Cut off from aid and medical care

Summers in Rukban – situated amid a largely empty, vast stretch of desert – are fiercely hot and ripe for the spread of diseases, while the bitterly cold and rainy winters have killed displaced infants and children and turned makeshift dirt streets to mud. 

The camp sits on the Syrian side of an eastern border zone named the “berm”, immediately after the earthen barriers marking the boundary line with Jordan. Before the war, the area was home only to a remote stretch of the Damascus-Baghdad highway, while a handful of nomadic herders and traders sometimes passed through. The nearest villages, hospitals, and schools are dozens of kilometres away, across a desert now pockmarked with pro-government militia checkpoints.

The US-run Tanf military garrison sits just outside the camp, and serves as a base for the Mughawir al-Thawra Syrian rebel group. The patch of desert immediately surrounding the garrison, as well as Rukban itself, are nominally rebel-controlled. Outside that zone is Syrian government territory.

“We in the camp have gotten used to this hunger. We’ve gotten used to this weather, this environment, this desert.”

Aid deliveries are scarce and in the past included some parcels delivered across the border by crane. The last official shipment, a joint UN-SARC convoy carrying food parcels and other supplies, entered Rukban a little more than a year ago. 

Residents have been forced to rely on smuggled goods – from fresh produce to medicine and cleaning supplies – trucked across the desert. Water is piped across the border by the UN.

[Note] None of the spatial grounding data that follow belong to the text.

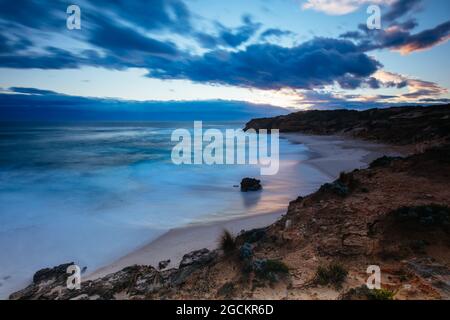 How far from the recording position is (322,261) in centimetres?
512

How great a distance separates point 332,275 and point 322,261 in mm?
709

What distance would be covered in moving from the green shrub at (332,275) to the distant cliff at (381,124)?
78.0 feet

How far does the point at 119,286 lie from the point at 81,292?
679mm

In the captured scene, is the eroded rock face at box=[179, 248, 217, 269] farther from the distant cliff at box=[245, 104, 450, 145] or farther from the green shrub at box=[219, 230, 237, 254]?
the distant cliff at box=[245, 104, 450, 145]

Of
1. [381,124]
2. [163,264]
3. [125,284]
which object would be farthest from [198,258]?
[381,124]

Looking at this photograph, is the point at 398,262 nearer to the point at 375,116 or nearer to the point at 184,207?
the point at 184,207

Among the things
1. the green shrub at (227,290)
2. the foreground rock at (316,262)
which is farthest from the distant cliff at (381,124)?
the green shrub at (227,290)

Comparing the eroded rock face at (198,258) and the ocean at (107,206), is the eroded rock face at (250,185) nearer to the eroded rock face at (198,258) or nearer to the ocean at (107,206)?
the ocean at (107,206)

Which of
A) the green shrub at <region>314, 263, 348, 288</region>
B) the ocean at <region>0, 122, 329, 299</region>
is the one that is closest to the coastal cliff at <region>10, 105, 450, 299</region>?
the green shrub at <region>314, 263, 348, 288</region>

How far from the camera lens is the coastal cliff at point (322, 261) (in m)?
4.29

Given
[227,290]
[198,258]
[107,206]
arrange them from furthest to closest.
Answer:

A UN-run medical clinic just across the border in Jordanian territory has been inaccessible to camp residents since mid-March because of COVID-19 restrictions. The clinic was seeing about 2,000 patients a month in February, and was – for the vast majority of residents – their only access to doctors and medical treatment beyond basic first aid. 

No cases of COVID-19, which is spreading in both Syria and Jordan, have yet been found in Rukban, but on Tuesday UNHCR reported that two refugees had tested positive for the virus in Azraq camp, where the two deportees TNH spoke to came from. A UNHCR spokesperson declined to comment on whether COVID-19-related precautions were being taken with deportees. 

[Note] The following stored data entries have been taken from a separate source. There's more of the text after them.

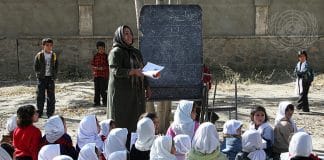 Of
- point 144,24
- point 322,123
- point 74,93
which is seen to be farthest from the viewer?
point 74,93

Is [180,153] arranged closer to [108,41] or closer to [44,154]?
[44,154]

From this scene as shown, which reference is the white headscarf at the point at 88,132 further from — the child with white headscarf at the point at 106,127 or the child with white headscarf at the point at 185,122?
the child with white headscarf at the point at 185,122

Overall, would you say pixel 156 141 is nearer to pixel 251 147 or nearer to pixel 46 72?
pixel 251 147

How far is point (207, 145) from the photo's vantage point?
4.96 m

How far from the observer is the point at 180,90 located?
7375mm

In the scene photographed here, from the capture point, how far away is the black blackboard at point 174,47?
7.35 m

“Thank God we don’t have corona here yet,” said Shukri Shihab, a nurse and camp resident who runs a rudimentary clinic in the settlement. Should it enter, there are “no capabilities at all” to treat the virus, he said. 

“Medicine isn’t entering the camp,” Shihab explained. “Only very, very small amounts brought in by smugglers transporting sheep who pay bribes at regime checkpoints.” The nurse worried about the risk of childhood malnutrition as smuggled-in food supplies were scarce and expensive, and he said skin diseases and other illnesses were already rampant.

On Friday, plumes of dust blustered through the camp. In one video posted online (which could not be independently verified), sand blew across the canvas roofs of makeshift homes in Rukban, casting an orange glow. 

“We in the camp have gotten used to this hunger,” al-Hmeili, the council spokesperson, told TNH by phone about the conditions in Rukban. “We’ve gotten used to this weather, this environment, this desert.”

But for Abu Ali, one of the new deportees, life in Rukban is far worse than it was in Jordan. Watching from afar, his home in Deraa also appears too dangerous for him and his family, as tit-for-tat killings and violence continue there between rebels and pro-government forces.

He said he had decided to stay in Rukban for now, albeit with reservations: “If things stay this bad in Rukban, with rising prices, with everything how it is, I’ll have no choice but to go into Syria.” 

Omar al-Homsi is a pseudonym used by one of the authors for security reasons.